*DATASET SECTION:*

--- --- ---

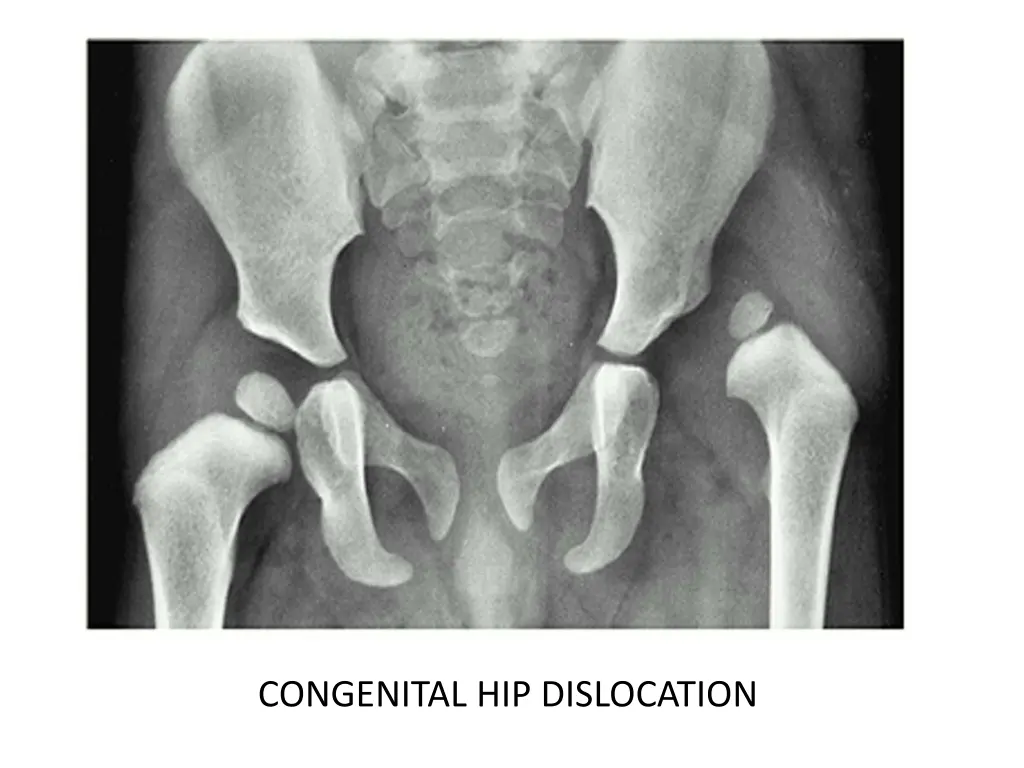 congenital hip dislocation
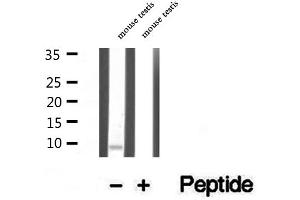 Western blot analysis of extracts of mouse testis tissue, using TNP1 antibody.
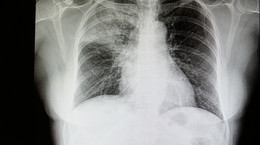 Zapalenie płuc - choroba dziadków i wnuków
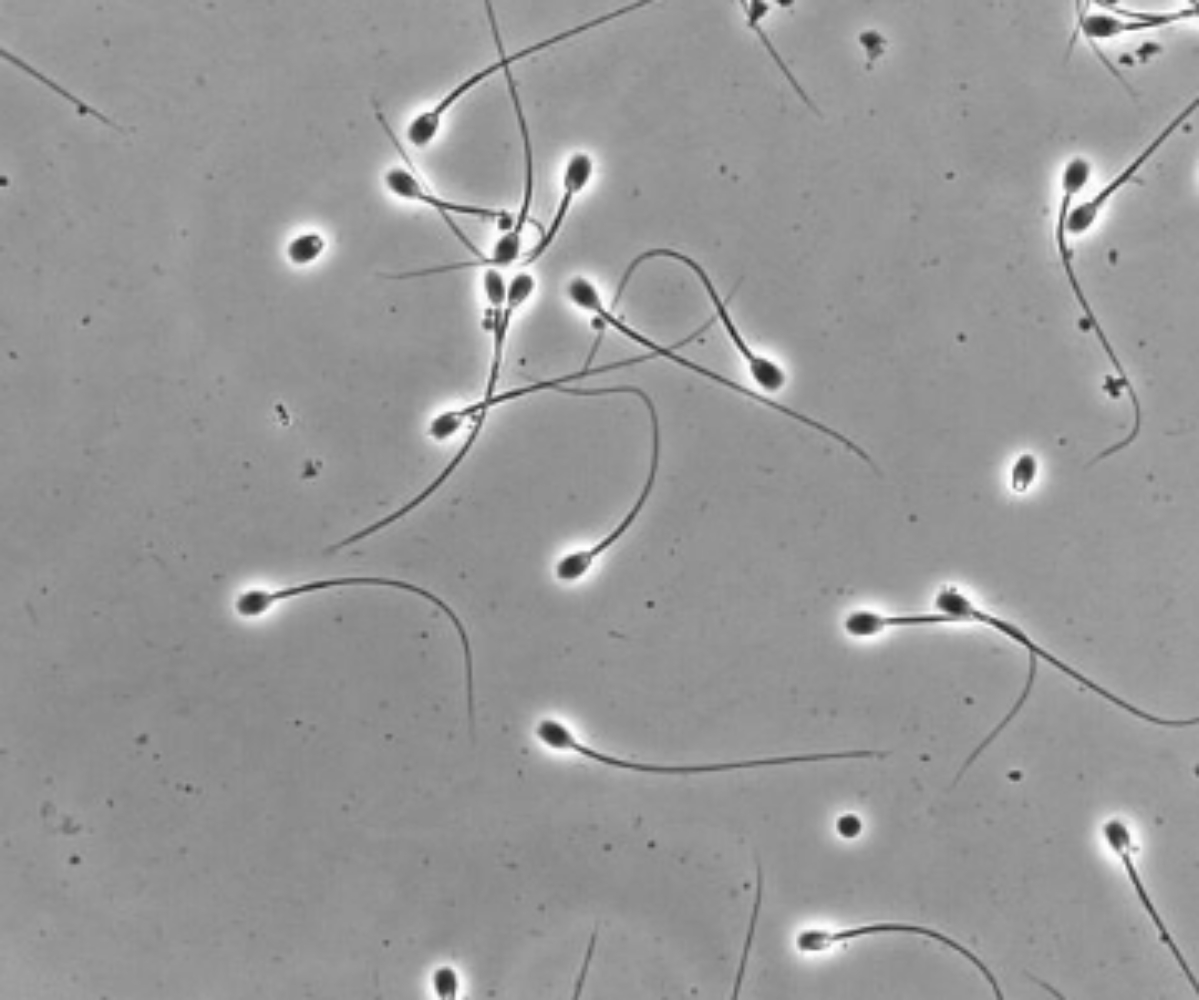 정자-생성에-좋은-음식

--- --- ---

*WORK ITEM:* All of the material should be reproduced exactly, apart from the pictures.

*EXERCISE ANSWER:*
 congenital hip dislocation
 Western blot analysis of extracts of mouse testis tissue, using TNP1 antibody.
 Zapalenie płuc - choroba dziadków i wnuków
 정자-생성에-좋은-음식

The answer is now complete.